At the time of writing, the EUR/USD trades at the 1.0915 area, posting a 0.65% daily loss, after printing its highest level in nine months at 1.1085. At the same time, the U.S. dollar managed to stage a noticeable rebound as its DXY index gained 0.5%, around 101.70.
The ECB decided to raise its main interest rates by 50 bps, being the highest level since November 2008 for the deposit facility rate, which now stands at 2.5%. The monetary policy statement confirmed another 50 bp hike in March, but during the press conference, Lagarde only committed to a “strong intent” and limited the hawkish tone. A dovish tilt was also perceived as the inflation risk was described as more balanced, with consumer inflation coming down from cycle highs while economic activity is doing better than expected.
On the other hand, the dollar recovered across the board on Thursday, trimming post-Fed losses. At the same time, markets continued to cheer Jerome Powell’s confirmation that the disinflationary process has begun as U.S. bond yields continued to fall.
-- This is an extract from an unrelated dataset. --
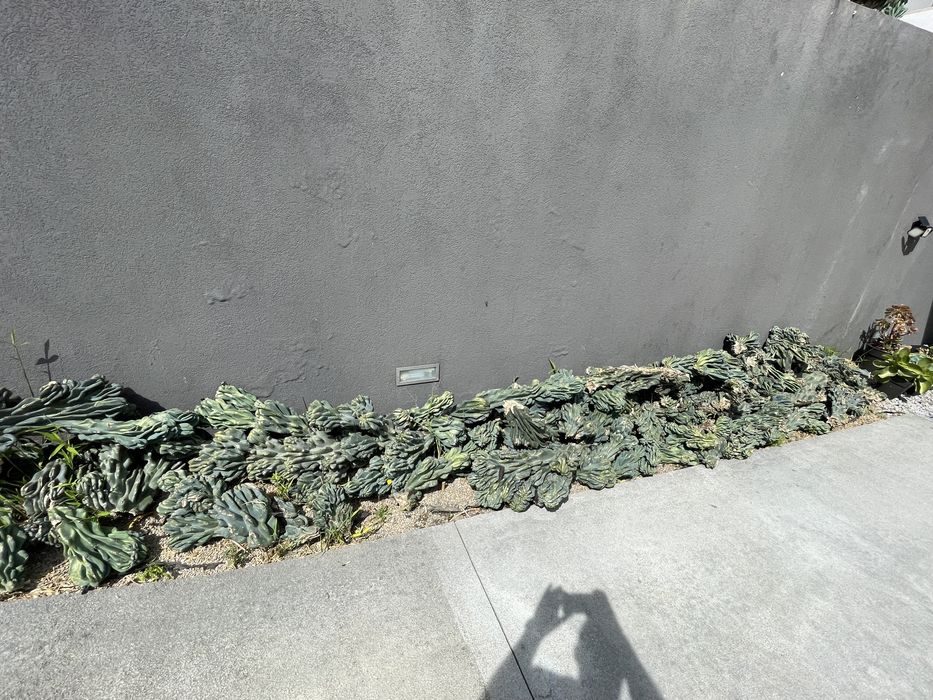 Myrtillocactus - Cactus muito raro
However, they ended the day away from lows, while the Wall Street indexes extended gains except for the Dow Jones Industrial Average, which closed nearly flat.
On Friday, the nonfarm payrolls report will be release, with expectations pointing to a 185,000 job increase in January.
From a technical standpoint, the EUR/USD maintains the short-term bullish bias, with the price hovering near multi-month highs and above its main moving averages. At the same time, indicators remain in positive territory despite losing some bullish momentum.
On the upside, the following resistance levels are seen at 1.1035 and the 1.1085 high, followed by the 1.1100 psychological area. On the flip side, support levels could be found at 1.0880, and the 20-day simple moving average at 1.0832.